3.1.4 As regards feature (e), reference is made to the passage on page 16, lines 23-28 of the original application which discloses a series of preferred molecular weight ranges for glycosaminoglycans, including 12 to 20 kilodaltons, 14 to 18 kilodaltons, 15 to 17 kilodaltons and 16 to 17 kilodaltons. The board notes that the claimed range of 12 to 20 kilodaltons is not specifically disclosed in that passage but has to be derived by combining the lower end of the range 12 to 20 kilodaltons with the upper end of the range 14 to 18 kilodaltons. However, said range of 12 to 18 kilodaltons obtains the status of a highly preferred embodiment by the fact that it is the only molecular weight range figuring in the original claims (see claim 7 of the original application).

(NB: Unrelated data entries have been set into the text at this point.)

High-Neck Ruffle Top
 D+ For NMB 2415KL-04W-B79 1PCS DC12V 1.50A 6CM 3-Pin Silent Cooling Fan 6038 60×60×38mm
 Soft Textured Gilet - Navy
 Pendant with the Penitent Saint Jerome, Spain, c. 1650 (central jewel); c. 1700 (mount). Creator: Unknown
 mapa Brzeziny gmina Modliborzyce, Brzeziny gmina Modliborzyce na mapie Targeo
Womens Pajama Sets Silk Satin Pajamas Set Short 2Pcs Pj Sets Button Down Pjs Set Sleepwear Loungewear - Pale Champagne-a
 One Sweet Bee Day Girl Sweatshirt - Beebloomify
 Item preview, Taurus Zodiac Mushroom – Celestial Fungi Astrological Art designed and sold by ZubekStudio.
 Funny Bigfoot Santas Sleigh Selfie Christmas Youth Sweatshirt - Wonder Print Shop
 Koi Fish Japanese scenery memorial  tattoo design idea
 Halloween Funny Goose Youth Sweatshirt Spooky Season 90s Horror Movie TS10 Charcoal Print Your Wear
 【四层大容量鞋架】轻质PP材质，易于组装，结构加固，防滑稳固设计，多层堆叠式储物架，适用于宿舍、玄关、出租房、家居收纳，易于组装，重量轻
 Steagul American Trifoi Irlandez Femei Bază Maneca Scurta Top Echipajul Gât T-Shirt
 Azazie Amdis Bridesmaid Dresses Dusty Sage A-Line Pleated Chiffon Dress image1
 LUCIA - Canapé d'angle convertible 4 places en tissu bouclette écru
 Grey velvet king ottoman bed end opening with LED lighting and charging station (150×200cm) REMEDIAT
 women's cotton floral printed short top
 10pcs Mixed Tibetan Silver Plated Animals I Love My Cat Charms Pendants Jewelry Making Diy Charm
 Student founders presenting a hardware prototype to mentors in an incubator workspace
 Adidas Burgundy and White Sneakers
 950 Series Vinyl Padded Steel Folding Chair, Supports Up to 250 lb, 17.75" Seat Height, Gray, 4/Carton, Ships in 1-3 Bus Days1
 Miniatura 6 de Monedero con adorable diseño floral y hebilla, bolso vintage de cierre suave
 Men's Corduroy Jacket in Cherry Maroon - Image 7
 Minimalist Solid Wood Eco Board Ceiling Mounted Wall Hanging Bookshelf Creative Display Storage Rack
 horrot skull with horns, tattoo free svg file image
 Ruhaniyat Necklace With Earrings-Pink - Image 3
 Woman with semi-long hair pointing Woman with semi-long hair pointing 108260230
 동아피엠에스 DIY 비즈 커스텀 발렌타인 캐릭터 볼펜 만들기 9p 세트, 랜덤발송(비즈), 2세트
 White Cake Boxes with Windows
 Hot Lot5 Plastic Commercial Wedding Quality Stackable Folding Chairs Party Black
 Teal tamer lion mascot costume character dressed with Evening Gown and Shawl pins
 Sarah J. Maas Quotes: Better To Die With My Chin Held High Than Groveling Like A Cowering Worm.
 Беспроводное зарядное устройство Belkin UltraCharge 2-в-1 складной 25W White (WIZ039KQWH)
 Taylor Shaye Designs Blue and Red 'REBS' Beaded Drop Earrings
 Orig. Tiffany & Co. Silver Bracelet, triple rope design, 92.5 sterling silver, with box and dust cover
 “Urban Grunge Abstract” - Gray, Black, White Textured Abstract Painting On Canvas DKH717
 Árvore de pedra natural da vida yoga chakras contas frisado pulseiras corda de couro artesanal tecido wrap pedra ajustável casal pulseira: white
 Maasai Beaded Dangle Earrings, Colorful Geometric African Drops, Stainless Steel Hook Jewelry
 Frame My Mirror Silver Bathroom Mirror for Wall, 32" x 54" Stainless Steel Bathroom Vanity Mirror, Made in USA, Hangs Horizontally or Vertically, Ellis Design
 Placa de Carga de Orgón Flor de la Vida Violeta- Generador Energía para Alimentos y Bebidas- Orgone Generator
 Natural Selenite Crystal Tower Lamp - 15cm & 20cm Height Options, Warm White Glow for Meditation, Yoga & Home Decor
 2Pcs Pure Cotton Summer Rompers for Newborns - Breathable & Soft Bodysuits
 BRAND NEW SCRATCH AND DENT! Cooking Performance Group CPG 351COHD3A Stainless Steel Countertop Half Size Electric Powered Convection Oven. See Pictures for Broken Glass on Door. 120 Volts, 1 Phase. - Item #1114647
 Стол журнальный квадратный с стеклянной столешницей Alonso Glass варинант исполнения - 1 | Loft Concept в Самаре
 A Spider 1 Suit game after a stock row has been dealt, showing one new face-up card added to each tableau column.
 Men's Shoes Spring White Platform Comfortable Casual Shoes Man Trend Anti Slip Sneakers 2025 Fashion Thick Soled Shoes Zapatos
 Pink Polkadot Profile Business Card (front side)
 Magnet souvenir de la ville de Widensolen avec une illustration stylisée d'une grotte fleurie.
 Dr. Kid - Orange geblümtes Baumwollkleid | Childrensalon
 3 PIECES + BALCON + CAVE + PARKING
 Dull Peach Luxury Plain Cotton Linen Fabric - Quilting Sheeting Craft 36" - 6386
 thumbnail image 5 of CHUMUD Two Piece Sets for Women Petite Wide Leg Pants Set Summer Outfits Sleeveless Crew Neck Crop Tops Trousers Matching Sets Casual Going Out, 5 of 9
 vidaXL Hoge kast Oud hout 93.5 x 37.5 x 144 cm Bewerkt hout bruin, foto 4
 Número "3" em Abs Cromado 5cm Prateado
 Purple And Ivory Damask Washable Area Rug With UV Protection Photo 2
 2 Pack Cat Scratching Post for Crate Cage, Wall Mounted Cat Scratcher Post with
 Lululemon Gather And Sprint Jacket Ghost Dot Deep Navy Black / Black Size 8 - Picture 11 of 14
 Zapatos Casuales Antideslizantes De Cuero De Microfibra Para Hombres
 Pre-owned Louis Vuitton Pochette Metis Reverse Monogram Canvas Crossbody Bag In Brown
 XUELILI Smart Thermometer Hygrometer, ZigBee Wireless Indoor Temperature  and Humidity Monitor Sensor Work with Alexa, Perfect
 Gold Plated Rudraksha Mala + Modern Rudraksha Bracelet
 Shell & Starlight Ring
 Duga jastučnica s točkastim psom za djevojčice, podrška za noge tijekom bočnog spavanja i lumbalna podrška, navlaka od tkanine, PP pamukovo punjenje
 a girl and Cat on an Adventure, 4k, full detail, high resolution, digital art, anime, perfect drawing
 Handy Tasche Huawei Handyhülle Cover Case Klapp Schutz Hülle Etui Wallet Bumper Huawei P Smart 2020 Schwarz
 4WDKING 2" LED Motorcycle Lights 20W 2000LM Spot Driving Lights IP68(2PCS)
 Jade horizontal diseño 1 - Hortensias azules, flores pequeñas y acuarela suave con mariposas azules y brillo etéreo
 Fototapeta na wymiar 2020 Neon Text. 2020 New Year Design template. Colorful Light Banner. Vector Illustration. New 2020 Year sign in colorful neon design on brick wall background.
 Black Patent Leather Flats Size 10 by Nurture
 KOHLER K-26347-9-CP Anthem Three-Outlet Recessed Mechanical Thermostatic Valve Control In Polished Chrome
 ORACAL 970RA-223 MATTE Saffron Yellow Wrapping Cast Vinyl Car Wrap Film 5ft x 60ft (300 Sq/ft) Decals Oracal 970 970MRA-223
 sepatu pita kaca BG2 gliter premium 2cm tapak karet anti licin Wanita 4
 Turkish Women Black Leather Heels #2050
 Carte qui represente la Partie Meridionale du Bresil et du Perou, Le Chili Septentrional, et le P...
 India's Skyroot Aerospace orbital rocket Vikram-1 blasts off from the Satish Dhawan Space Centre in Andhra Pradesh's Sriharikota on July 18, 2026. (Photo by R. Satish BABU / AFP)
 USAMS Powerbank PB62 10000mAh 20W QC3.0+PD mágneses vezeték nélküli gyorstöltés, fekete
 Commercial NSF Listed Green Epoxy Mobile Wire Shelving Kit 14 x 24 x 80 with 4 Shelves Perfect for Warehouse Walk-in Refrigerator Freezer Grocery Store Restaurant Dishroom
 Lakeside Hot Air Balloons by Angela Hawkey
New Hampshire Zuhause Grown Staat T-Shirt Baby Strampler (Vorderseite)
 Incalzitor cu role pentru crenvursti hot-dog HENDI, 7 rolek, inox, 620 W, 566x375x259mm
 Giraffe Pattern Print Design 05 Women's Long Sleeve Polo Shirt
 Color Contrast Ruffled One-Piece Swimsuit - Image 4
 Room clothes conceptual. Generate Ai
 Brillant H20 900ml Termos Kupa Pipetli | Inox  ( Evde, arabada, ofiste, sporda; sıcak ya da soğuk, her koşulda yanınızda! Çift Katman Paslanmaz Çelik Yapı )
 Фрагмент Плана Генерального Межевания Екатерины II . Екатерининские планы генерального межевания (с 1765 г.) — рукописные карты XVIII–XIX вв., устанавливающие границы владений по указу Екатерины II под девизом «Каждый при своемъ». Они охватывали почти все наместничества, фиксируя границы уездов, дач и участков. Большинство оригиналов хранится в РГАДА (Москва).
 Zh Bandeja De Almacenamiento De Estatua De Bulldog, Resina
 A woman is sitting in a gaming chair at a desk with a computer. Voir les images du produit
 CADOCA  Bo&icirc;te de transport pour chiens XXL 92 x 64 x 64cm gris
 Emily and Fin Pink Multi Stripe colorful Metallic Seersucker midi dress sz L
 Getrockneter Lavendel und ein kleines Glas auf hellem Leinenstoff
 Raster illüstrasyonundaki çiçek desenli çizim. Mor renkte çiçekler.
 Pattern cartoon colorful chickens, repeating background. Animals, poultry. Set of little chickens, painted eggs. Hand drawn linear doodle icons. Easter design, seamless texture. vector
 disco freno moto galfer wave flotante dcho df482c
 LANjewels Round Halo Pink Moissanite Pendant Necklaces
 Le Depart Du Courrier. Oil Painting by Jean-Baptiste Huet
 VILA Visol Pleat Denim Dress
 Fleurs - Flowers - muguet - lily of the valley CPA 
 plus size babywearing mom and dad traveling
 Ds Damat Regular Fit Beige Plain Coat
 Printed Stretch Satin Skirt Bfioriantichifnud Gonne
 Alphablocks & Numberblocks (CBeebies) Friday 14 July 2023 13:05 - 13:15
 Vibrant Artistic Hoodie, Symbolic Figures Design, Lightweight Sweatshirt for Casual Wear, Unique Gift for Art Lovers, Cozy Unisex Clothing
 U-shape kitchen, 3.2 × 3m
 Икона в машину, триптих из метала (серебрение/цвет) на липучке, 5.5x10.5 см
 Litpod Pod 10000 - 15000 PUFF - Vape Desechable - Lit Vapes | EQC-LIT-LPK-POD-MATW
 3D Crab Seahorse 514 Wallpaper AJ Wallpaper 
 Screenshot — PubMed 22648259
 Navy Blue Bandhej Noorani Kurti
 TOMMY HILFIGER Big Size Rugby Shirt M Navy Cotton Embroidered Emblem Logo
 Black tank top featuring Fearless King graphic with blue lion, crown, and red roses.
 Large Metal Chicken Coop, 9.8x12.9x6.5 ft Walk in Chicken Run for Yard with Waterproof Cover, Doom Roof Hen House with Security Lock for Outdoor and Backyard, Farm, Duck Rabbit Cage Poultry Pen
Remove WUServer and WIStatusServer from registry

3.1.5 Feature (f) is disclosed in the sentence bridging pages 24 and 25 in claims 10 and 16 of the original application. As no other route of administration is contemplated therein, the addition of feature (f) does not constitute a selection from a further list.

3.1.6 In summary, features (a), (b) and (d) are dependent on each other, involving as sole selection the selection of feature (d) out of a list of seven constituents, features (c) and (e) are by far the most preferred embodiments of their category and feature (f) represents the only embodiment of its category. As a consequence, the subject-matter of claim 1 of the main request meets the requirements of Article 123(2) EPC.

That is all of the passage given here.